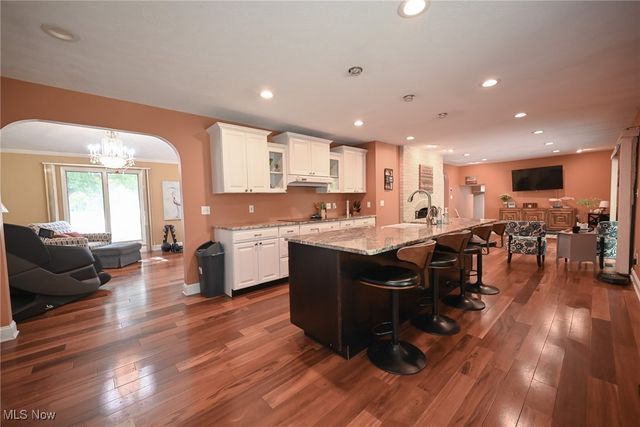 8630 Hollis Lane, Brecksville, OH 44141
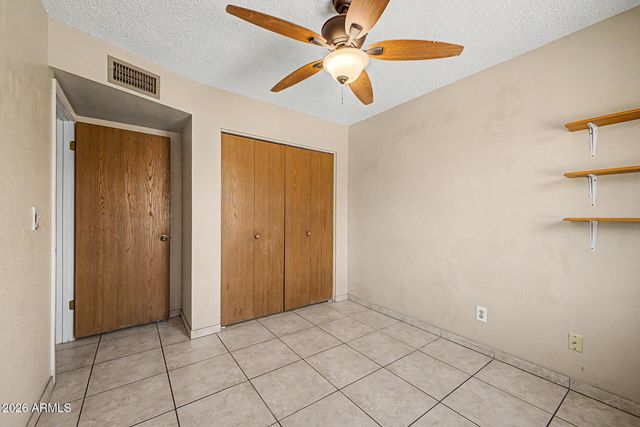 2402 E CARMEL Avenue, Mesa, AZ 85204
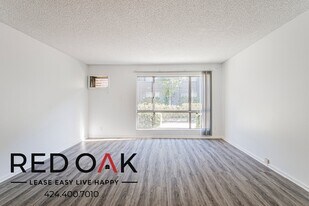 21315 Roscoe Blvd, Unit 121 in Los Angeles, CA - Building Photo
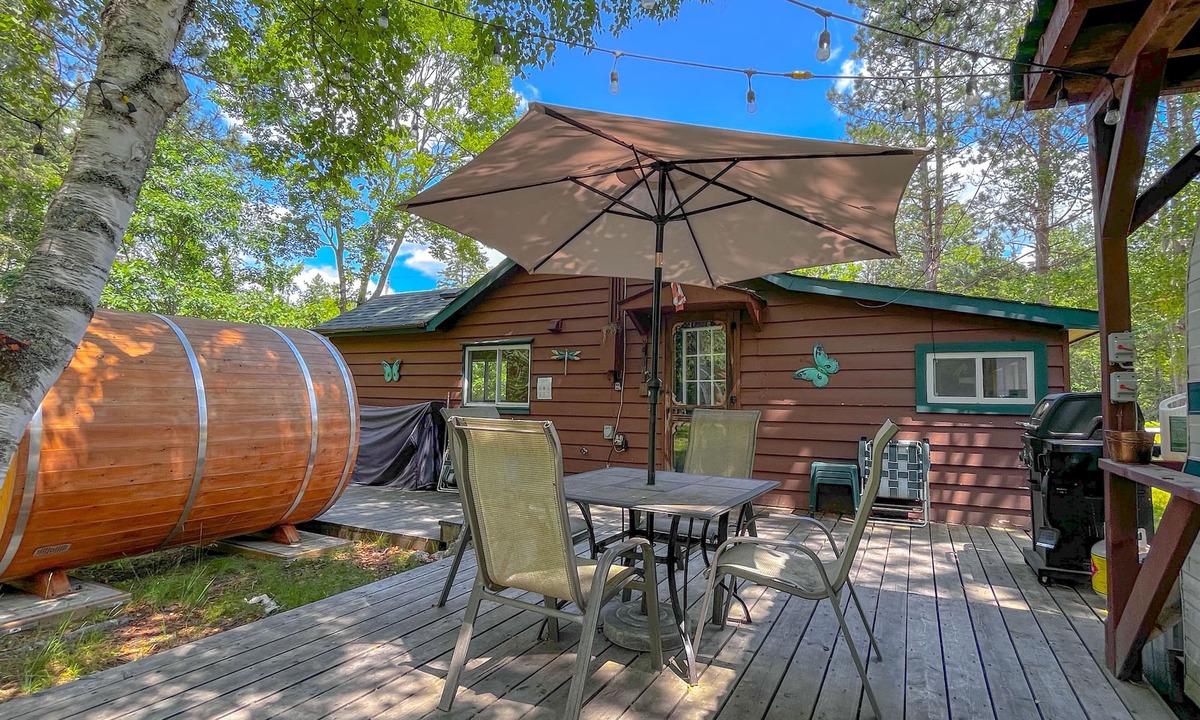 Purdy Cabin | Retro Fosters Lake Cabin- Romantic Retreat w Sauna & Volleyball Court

What to do
In your copy, omit the pictures and restate every line of the data word for word.

Response for this exercise
 8630 Hollis Lane, Brecksville, OH 44141
 2402 E CARMEL Avenue, Mesa, AZ 85204
 21315 Roscoe Blvd, Unit 121 in Los Angeles, CA - Building Photo
 Purdy Cabin | Retro Fosters Lake Cabin- Romantic Retreat w Sauna & Volleyball Court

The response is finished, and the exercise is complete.